Kata Kunci: Lukmanulhakim. Ajaran Moral.
1. Pendahuluan
1.1 Latar Belakang
Perihal kegunaan dan urgensi penggarapan naskah kuno sering diungkap oleh para pakar di bidangnya. Mereka menganggap naskah kuno bukan sekedar kumpulan atau tulisan kuno yang tidak jelas artinya dan juga tidak menganggap sebagai onggokan kertas, bak sampah yang harus dibuang. Namun naskah kuno adalah peninggalan sejarah suatu suku bangsa yang perlu diteliti dan dikaji, karena akan memberi¬kan data dan informasi mengenai berbagai hal budaya maupun situasi yang pernah berlangsung pada zamannya. Dalam kaitan¬nya dengan itulah para pakar budaya, baik langsung maupun tidak, mengakui keberadaan naskah(-naskah) kuno sebagai sumber informasi budaya daerah. Pada awalnya bagi masyarakat pendukungnya bisa jadi sebuah naskah hanyalah berfungsi sebagai pengisi luang-waktu disela-sela kesibukannya seba¬gaimana terjadi pada tradisi pembacaan naskah wawacan(Sunda) atau mabasan (Bali). Namun tidaklah demikian bagi seorang pemerhati budaya dan bagi orang-orang yang arif akan nilai-nilai kehidupan. Bagi mereka pembacaan wawacan berupa naskah-naskah tertentu, misalnya, memiliki nilai tersendiri yang patut diteladani dan diambil hikmahnya, terutama sekali terhadap isi kandungan suatu naskah.

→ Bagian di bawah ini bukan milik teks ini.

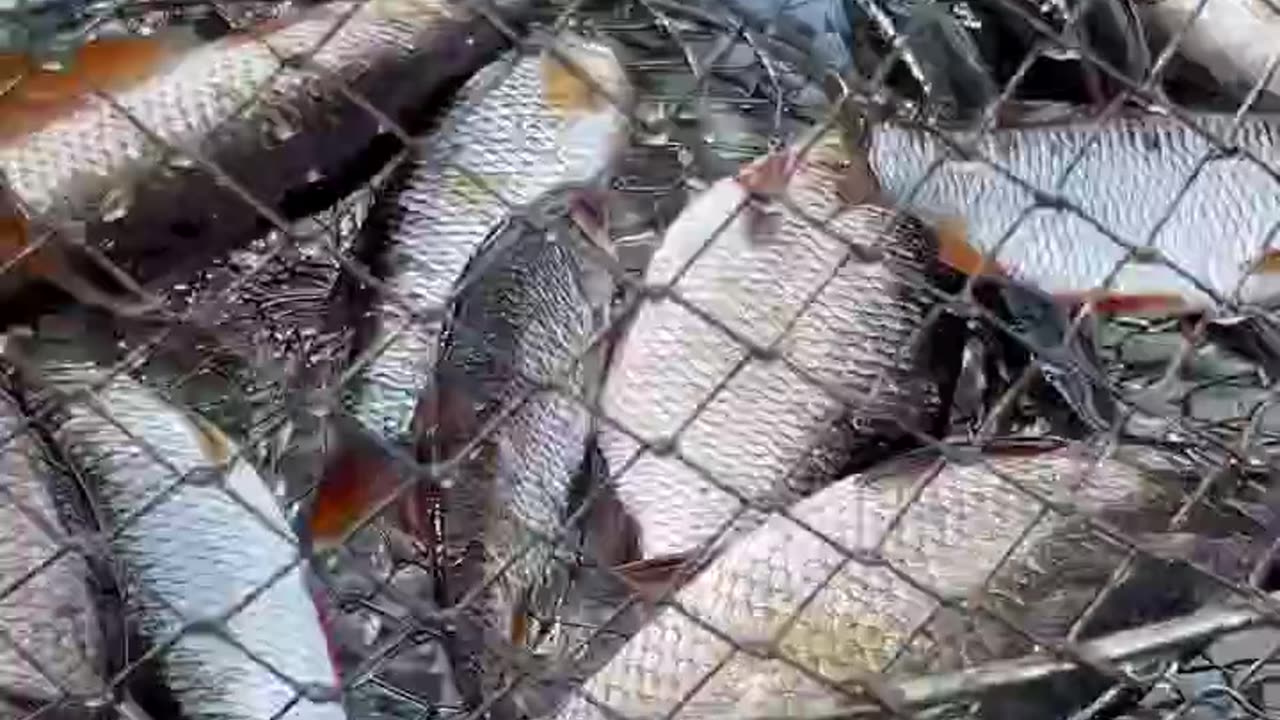 Fishing is a special kind of pleasure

Dilain pihak pun naskah berfungsi sebagai sumber informasi sosial budaya. Sebagai sumber informasi sosial budaya, kandungan naskah menunjukkan pada salah satu sumber budaya yang sangat erat kaitannya dengan kehidupan sosial budaya masyarakat saat naskah tersebut lahir dan mendapat dukungan masyarakatnya. Naskah-naskah kuno berdasarkan wujudnya dapat dipan¬dang sebagai benda budaya dalam bentuk tulisan tangan. Hasil buah pikiran yang direfleksikan dalam bentuk tulisan tangan ini adalah kode-kode aksara sarat makna yang pada gilirannya dapat memberikan informasi langsung mengenai ide-ide atau gagasan berbagai pengetahuan tentang alam semesta menurut persepsi budaya masyarakat yang bersangkutan. Oleh karena itu, Koentjaraningrat (1980:15) memasukkan ide-ide, gagasan, nilai-nilai, norma-norma, peraturan dan sebagainya ke dalam wujud kebudayaan yang pertama.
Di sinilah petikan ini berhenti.